NL2SQL Run Configuration

This YAML configuration file allows for specifying your NL2SQL evaluation run on Evalbench. It outlines all the necessary components for running experiments—from specifying the dataset and database connection details to defining prompt generation, setup/teardown processes, scoring strategies, and reporting mechanisms. Below is a detailed breakdown of each section in the configuration file.

1. Dataset / Evaluation Items

This section defines the primary resources used during evaluation, including the dataset containing prompts and golden SQL queries, the database configuration, and the SQL dialect used.

Key	Required	Description
`dataset_config`	Yes	Path to the JSON file that contains the list of prompts, golden SQL queries, and evaluation attributes for the run. Please see dataset-config documentation for more info.
`database_configs`	Yes	A list of paths to the YAML files that provide the database connection details. Please see db-config documentation for more info. You can include multiple database_configs (i.e. one for sqlite, one for mysql) to run evals in parallel.
`dialects`	Optional	Specifies the SQL dialects (e.g., `mysql`, `postgres`, `sqlite`). This filters the dataset to the provided list. If not provided, all dialects found in the dataset_config json file will be used. Please see db-config documentation for the list of currently supported dialects and please feel free to contribute additional dialects.
`databases`	Optional	Specifies the databases (e.g., `db_blog`, `california_schools`, etc.). This filters the dataset to the provided list of databases and ignores all other evals. If not provided, all databases found in the dataset_config json file will be tried.
`query_types`	Optional	Specifies the query_types (`dql`, `dml`, `dd`). This filters the dataset to the list of evals that are of the query_types provided. If not provided, all eval types (dql, dml and ddl) found in the dataset_config json file will be tried.
`dataset_format`	Conditional (if needed)	Defines the dataset format, with `evalbench-standard-format` as the default. For BIRD datasets, it must be set to `bird-standard-format`.

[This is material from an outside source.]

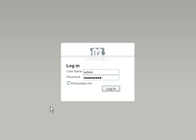In this video we're going to cover some of the basics of the N2CMS interface. As you can see here we're looking at the login screen. You just need to enter your username and your password and select login to load up the editing interface.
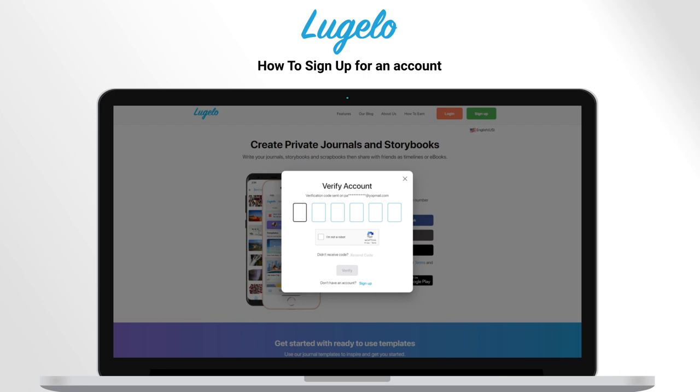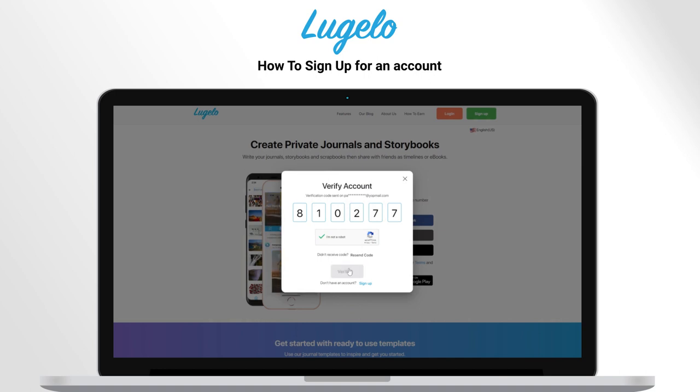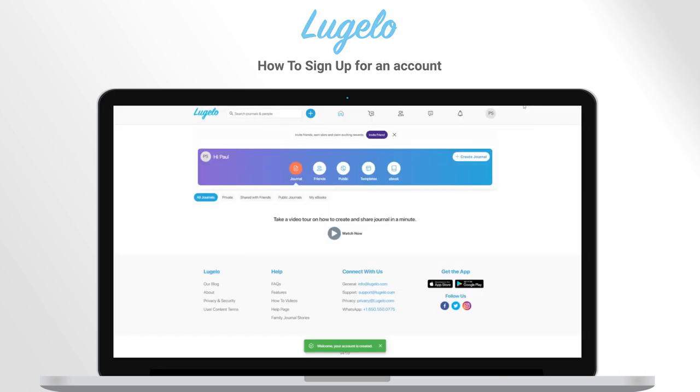Enter the verification code which you will get by email or SMS. And you will be redirected to your home page.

2. Prompt and Generation Modules

This section sets up the configurations for the model and prompt generator used to produce SQL queries from natural language.

Key	Required	Description
`model_config`	Yes	Path to the YAML configuration file for the model that will be used for SQL generation. Please see model-config documentation for additional information on model_config configurations.
`prompt_generator`	Yes	Identifier for the prompt generator module (e.g., `'SQLGenBasePromptGenerator'`), which is responsible for generating the necessary prompts for SQL generation. Please see and edit generators for additional prompts.

3. Setup / Teardown Configuration (Optional for DDL Testing)

This is an optional bit helpful for automating the database setup and teardown process for evaluation. It is however required for running evaluations with DDLs. The setup_directory provides the path to the SQL setup/teardown files that will allow setting up a database before each evaluation run to ensure consistent data and schemas on every run for proper A/B testing. While these are only required for running evals that include DDL, they are highly recommended for any eval instance.

Key	Required	Description
`setup_directory`	No*	See description and requirements below.

*Note: This configuration is required when performing DDL evaluations but can be ommited for DQL and DML evaluations if the database is already setup.

Requirements

The setup directory should include a subdirectory matching the specified database (e.g. db_blog) and each DB should have subdirectories for each dialect (e.g. mysql) it supports. These directories must include the following 3 files:

pre_setup.sql: Prepares the environment (e.g., disabling checks).
setup.sql: Performs the actual setup operations.
post_setup.sql: Re-enables any checks or constraints.

The folder structured is described in detail below.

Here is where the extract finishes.